California car-emission clampdown coming

exhaust getty.JPGPosted for Richard Van Noorden

In his latest reversal of Bush policy, Barack Obama looks set to allow California to enforce its own limits on greenhouse gas emissions from cars.

Along with thirteen other states, California wants to cut greenhouse gas emissions from car exhausts by 30 percent from 2009 to 2016 – something that car makers aren’t too happy about. But in December 2007, the state was denied its necessary waiver from national standards by the Environmental Protection Agency (EPA). Obama is telling the EPA today to reconsider that decision – and the agency’s regulators are expected to grant a waiver after formal review, the New York Times reports.

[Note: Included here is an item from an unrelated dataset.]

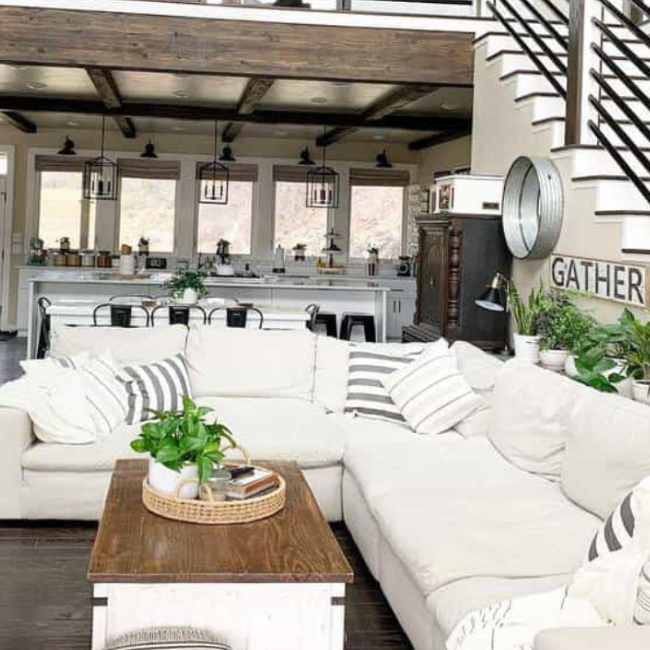 luxueux salon et cuisine, aux couleurs claires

Obama is also telling the Transportation Department to speed regulations for federal standards, passed in 2007, that aim to raise average fuel efficiency to 35 miles per gallon by 2020. California’s standards would be stricter than that: the Los Angeles Times reports that “some estimates” say the necessary caps on carbon emissions would effectively require vehicles to reach as much as 42 mpg by 2020.

‘We think we should have our decision in hand by late May,’ Mary Nichols, the head of California’s Air Resources Board, tells Reuters.

Obama is also highlighting renewable energy investments in his $825 economic stimulus plan.

“With the fuel economy measures and clean energy investments in the recovery package, President Obama has done more in one week to reduce oil dependence and global warming than George Bush did in eight years,” Daniel Weiss, director of climate strategy at the US liberal thinktank Center for American Progress, tells the New York Times.